[Opening GIVEN MATERIAL section]

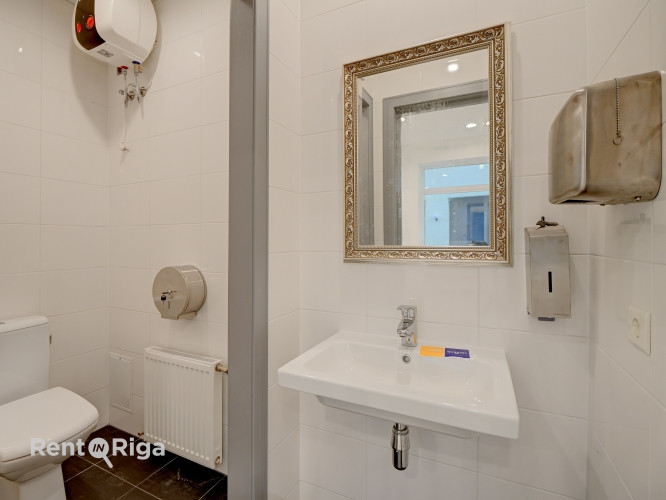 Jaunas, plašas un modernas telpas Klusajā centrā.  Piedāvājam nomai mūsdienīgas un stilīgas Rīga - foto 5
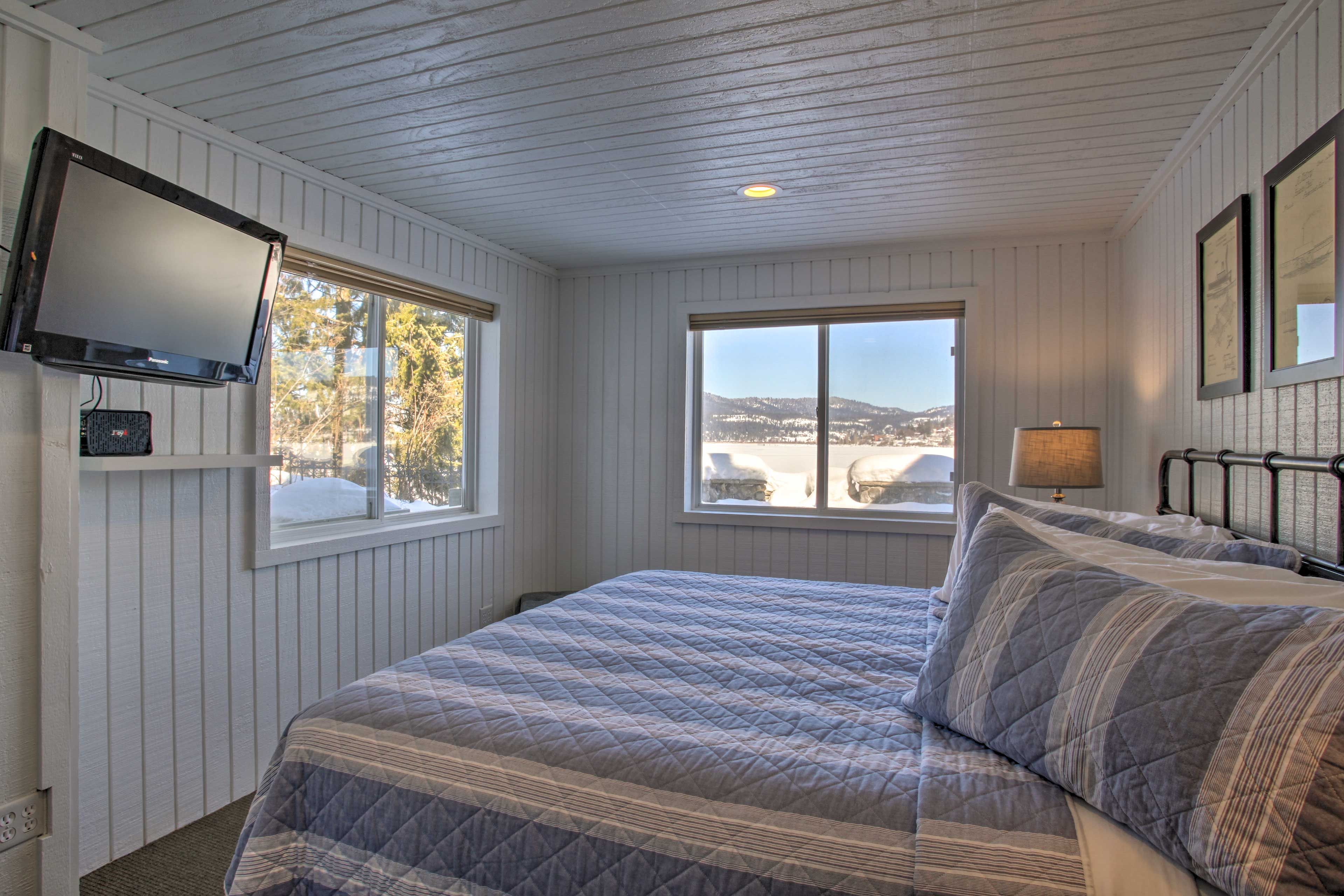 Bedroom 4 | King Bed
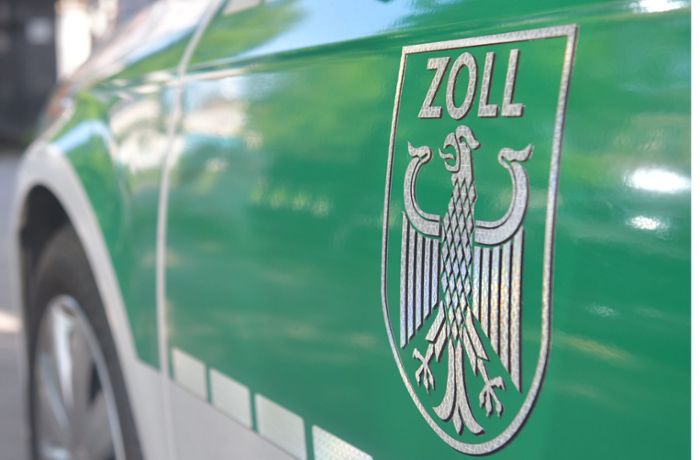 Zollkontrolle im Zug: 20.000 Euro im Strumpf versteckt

[Closing GIVEN MATERIAL section]

Beginning with the line containing "Bedroom 4 | King Bed" and ending with the last line of the material, output each line exactly; do not include pictures.

• WORKED SOLUTION
 Bedroom 4 | King Bed
 Zollkontrolle im Zug: 20.000 Euro im Strumpf versteckt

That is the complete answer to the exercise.